Alafco was suing the U.S. planemaker for $336 million over accusations Boeing wrongly refused to return advance payments on a cancelled order for 40 of the grounded 737 MAX planes.

A Boeing spokesman said Alafco “voluntarily withdrew its lawsuit, which permitted us to resume commercial discussions and reach a mutually-agreeable resolution.”

The Kuwaiti lessor will now buy 20 aircraft from Boeing, instead of the 40 on its order book, with new delivery dates, Alafco said in a bourse filing.

Additional details of the agreement could not be disclosed due to confidentiality clauses, it said.
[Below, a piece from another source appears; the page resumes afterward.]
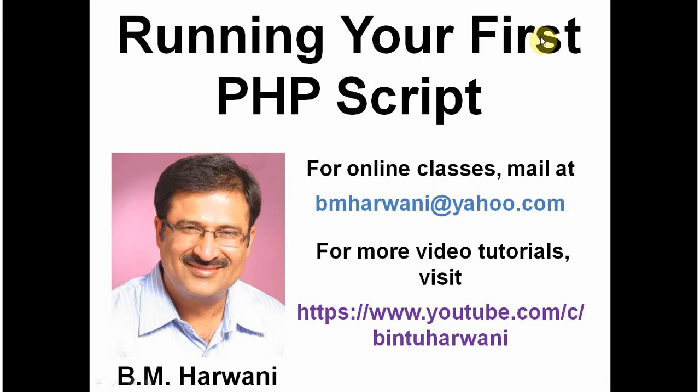Hi, my name is Bintu and today I am going to teach you how to run your first PHP scripts.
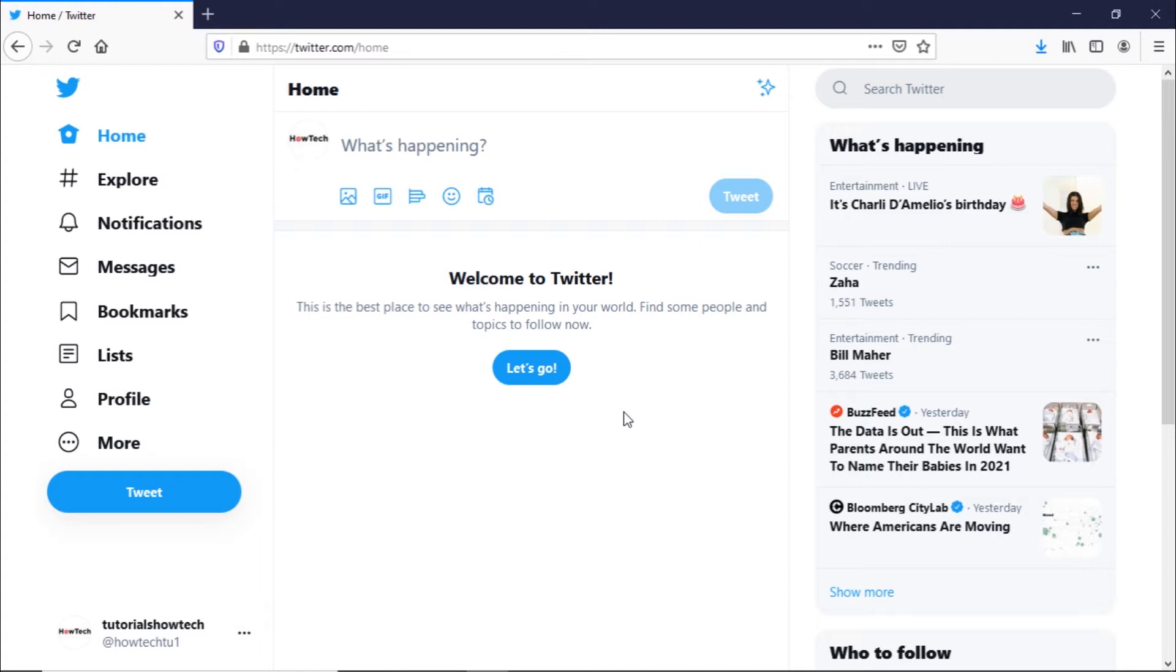Let's say your Twitter account was set up years ago and the username no longer reflects your brand. For that, we will change the username from the Settings and Privacy section. Let's get started.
Alafco, which followed other lessors in cutting 737 MAX orders, said it was “looking forward to a long-lasting and mutually beneficial relationship with Boeing.”

Alafco did not respond to emailed requests for comment.

Boeing suspended deliveries of its narrow-body 737 MAX jet in March last year, when the Federal Aviation Administration grounded the aircraft after the deaths of 346 people in crashes of two 737 MAX planes operated by Lion Air and Ethiopian Airlines.

The crisis over the grounding of the once top-selling 737 MAX has cost the U.S. planemaker more than $19 billion, slashed production and hobbled its supply chain, with criminal and congressional investigations still ongoing.

Alafco’s owners include Kuwait Finance House, Gulf Investment Corporation and state airline Kuwait Airways, according to its website.